Data items:
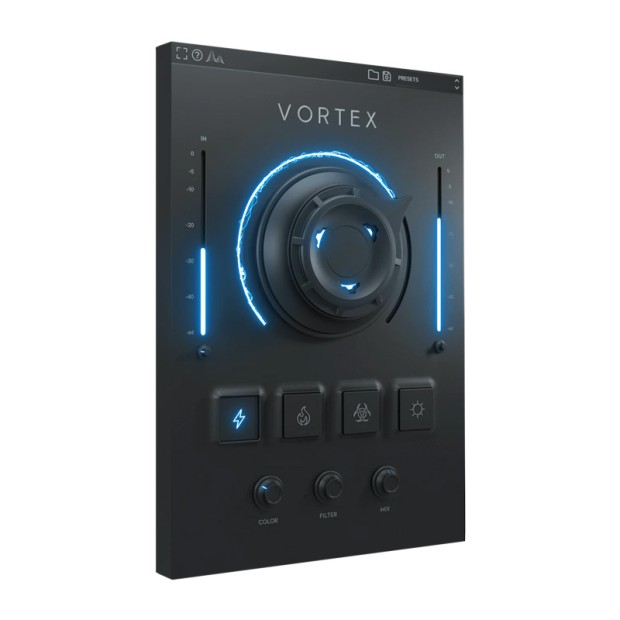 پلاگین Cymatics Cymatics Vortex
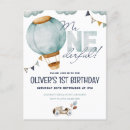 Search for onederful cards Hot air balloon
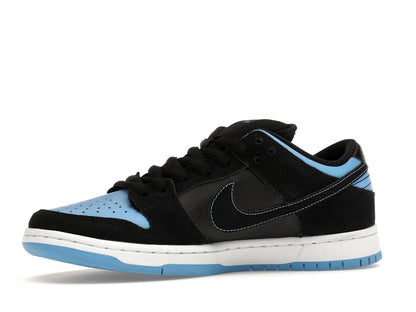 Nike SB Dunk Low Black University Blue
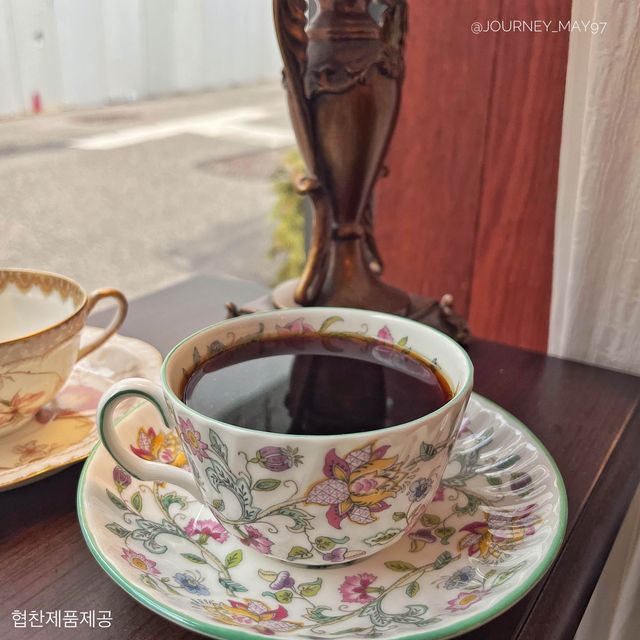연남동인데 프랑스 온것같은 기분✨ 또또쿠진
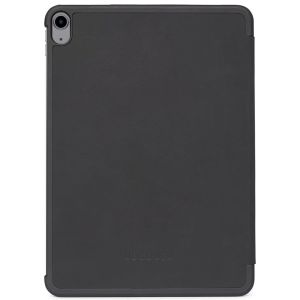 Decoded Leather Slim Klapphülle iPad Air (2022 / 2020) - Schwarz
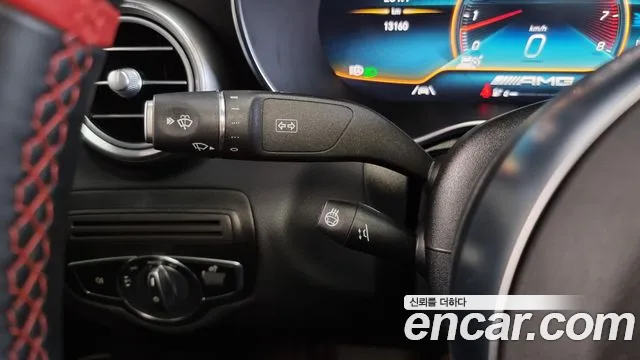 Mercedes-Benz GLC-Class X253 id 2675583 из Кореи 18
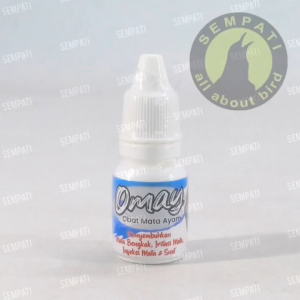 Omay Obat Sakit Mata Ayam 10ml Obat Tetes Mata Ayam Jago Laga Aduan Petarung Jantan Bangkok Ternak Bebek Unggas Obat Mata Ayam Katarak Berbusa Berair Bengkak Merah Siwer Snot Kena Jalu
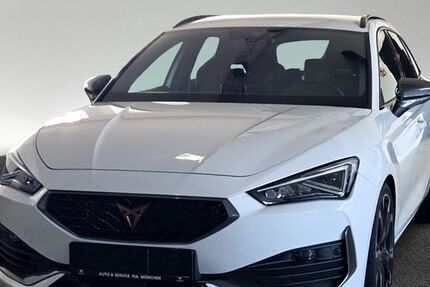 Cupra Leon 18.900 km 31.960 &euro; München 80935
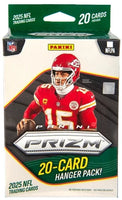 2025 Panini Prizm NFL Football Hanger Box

Task instructions:
Please, without any pictures, print each entry exactly.

Result:
 پلاگین Cymatics Cymatics Vortex
 Search for onederful cards Hot air balloon
 Nike SB Dunk Low Black University Blue
연남동인데 프랑스 온것같은 기분✨ 또또쿠진
 Decoded Leather Slim Klapphülle iPad Air (2022 / 2020) - Schwarz
 Mercedes-Benz GLC-Class X253 id 2675583 из Кореи 18
 Omay Obat Sakit Mata Ayam 10ml Obat Tetes Mata Ayam Jago Laga Aduan Petarung Jantan Bangkok Ternak Bebek Unggas Obat Mata Ayam Katarak Berbusa Berair Bengkak Merah Siwer Snot Kena Jalu
 Cupra Leon 18.900 km 31.960 &euro; München 80935
 2025 Panini Prizm NFL Football Hanger Box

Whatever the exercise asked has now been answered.